━━ Available data

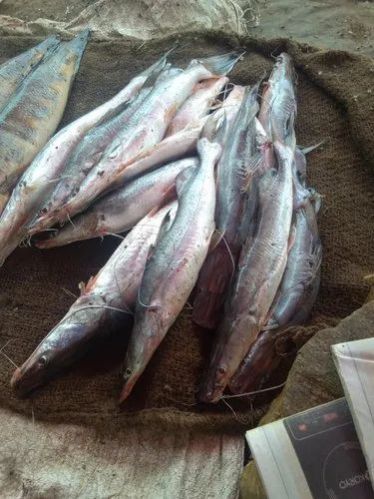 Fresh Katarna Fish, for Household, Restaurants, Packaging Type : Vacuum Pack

━━━━
━━ Available data

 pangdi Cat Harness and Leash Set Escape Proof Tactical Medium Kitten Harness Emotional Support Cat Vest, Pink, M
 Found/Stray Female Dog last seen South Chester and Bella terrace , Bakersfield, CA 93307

━━━━

■ Task brief ■
From the records above, transcribe exactly the run of lines that opens with the line holding "pangdi Cat Harness" and closes with the line holding "Found/Stray Female Dog", both included.

■ Answer for the task ■
 pangdi Cat Harness and Leash Set Escape Proof Tactical Medium Kitten Harness Emotional Support Cat Vest, Pink, M
 Found/Stray Female Dog last seen South Chester and Bella terrace , Bakersfield, CA 93307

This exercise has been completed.